▶ _Required work_
Going through the material below, output exactly the lines from the one containing "Hybrid Work Setup for Game Testers" through the one containing "Maureen Name Cursive", and no pictures.

Given information START

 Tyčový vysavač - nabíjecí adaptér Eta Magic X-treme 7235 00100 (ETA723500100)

Given information END
Given information START

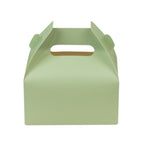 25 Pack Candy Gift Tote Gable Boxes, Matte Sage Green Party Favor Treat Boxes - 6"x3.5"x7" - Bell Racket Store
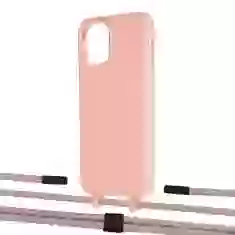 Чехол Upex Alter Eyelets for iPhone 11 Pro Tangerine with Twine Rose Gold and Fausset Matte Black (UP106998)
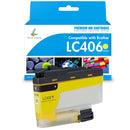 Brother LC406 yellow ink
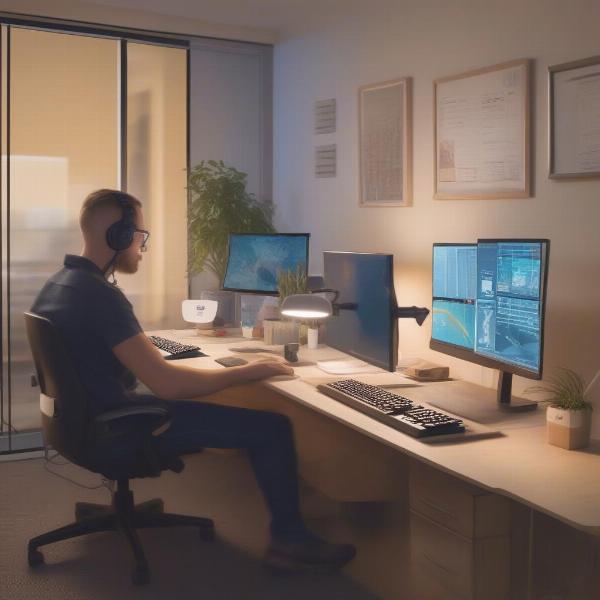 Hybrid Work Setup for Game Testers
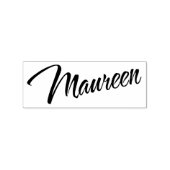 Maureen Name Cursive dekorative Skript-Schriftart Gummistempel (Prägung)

Given information END

▶ _Expected answer_
 Hybrid Work Setup for Game Testers
 Maureen Name Cursive dekorative Skript-Schriftart Gummistempel (Prägung)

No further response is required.